Every week, the Food Pantry at St. Gregory of Nyssa Episcopal Church in San Francisco, California, gives away 11 tons of food from the altar in the middle of the sanctuary, to anyone who shows up, no questions asked.
Journalist Sara Miles, who founded the food pantry in 2000, put it into theological perspective during a conversation at Trinity Wall Street, New York, on March 5. "The Gospel forces us to see that the bread of heaven and macaroni are meant for everyone without exception," she said.
Miles has written two books about her experience with the pantry and at St. Gregory's: "Take This Bread: A Radical Conversion" and "Jesus Freak: Feeding, Healing, and Raising the Dead."
The people who gathered at Trinity understand where she's coming from. Most lead or work with food pantries, street churches, and drop-in shelters in their own communities.
"The food pantry is not a social service program," she said. "It's a Eucharistic community. By eating together in thanksgiving, by making Eucharist together, we will taste God: holy food and groceries."
One of the key elements of that community is its emphasis on volunteers who, according to Miles, "do it all" at the food pantry. "All kinds of inappropriate, unqualified people."
The rules are simple: anyone can participate in giving away the pantry's food. You can be homeless and volunteer. You can be a junkie. But you can't be high and you can't steal food. And when a volunteer is given a new job, he or she is asked to identify two more people whom they will pass that work along to, as well.
Giving away work and authority is no easy task for Miles, a self-described control freak. But she sees it as a key element to an authentic, successful food pantry.
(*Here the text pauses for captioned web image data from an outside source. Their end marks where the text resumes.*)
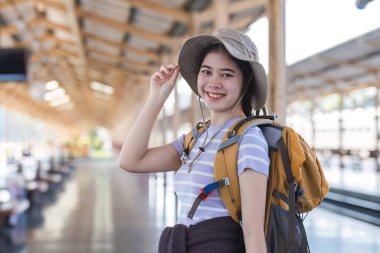 Tren istasyonunda bir bavul taşıyan sevimli Asyalı kadın treni bekliyor..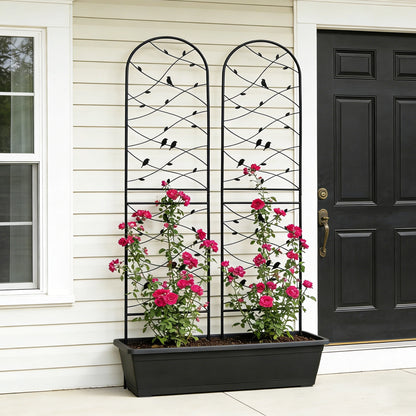 Pair of decorative bird design metal trellises set together on one side of a front porch entrance
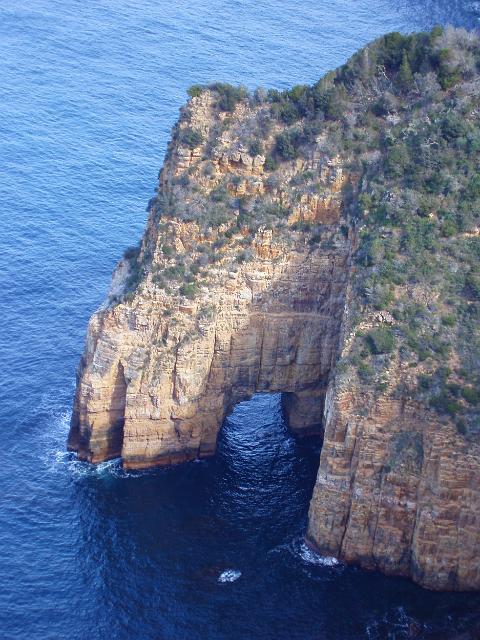 a natural rock arch on the tasman peninsula between cape pillar and cape hauy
Too often, she said, churches work for -- but not with -- the people they are trying to serve.
"If you want your food program to die, do it for them," she said bluntly.
The people listening to Miles know something about the challenges of ministry with and not for people.
"How do you not lose it?" one participant asked.
Miles acknowledged that, like anyone else, she does lose it on occasion.
"It's really hard," she said. "It's not fair how people behave. God is merciful, not just. This work allows you to experience conversion in an ongoing way, which is not always a pleasant process."
Following Miles' presentation and sharing Holy Communion, the workshop participants had an opportunity talk with each other about their ministries -- a rare opportunity for some.
Mary Eaton, who leads the Wooster Fellowship, a non-denominational outdoor church in Wooster, Massachusetts, called Miles' presentation "a reaffirmation."
Steve Ruelke, who runs Ekklesia Newburgh, a street church in Newburgh, New York, said that the workshop was "a reminder we're not there alone. I know Mary's up in Wooster doing same thing, in her style."
Valeria Vasilevski and Phillip Trimble are new to both Trinity and the kind of ministry some of their fellow participants have been doing for years. Practicing Buddhists, they saw a sign calling for volunteers for Trinity's Brown Bag Lunch program last October while attending a Trinity Choir concert. Since then, they have become two of the program's most dedicated volunteers, providing lunch to anyone who's hungry every Tuesday and Thursday in Trinity's churchyard.
"The Brown Bag is very compatible with Buddhism because both place great emphasis on giving rather than receiving," Trimble said.
Vasilevski echoed Miles' point about a ministry's community.
"We've really bonded -- the volunteers and the people who come as our guests," Vasilevski said. "People want lunch, but they're also hungry for something else."
"A spiritual life is a physical life," Miles said. "What are we here to do on Friday and Sunday? We are here to raise the dead."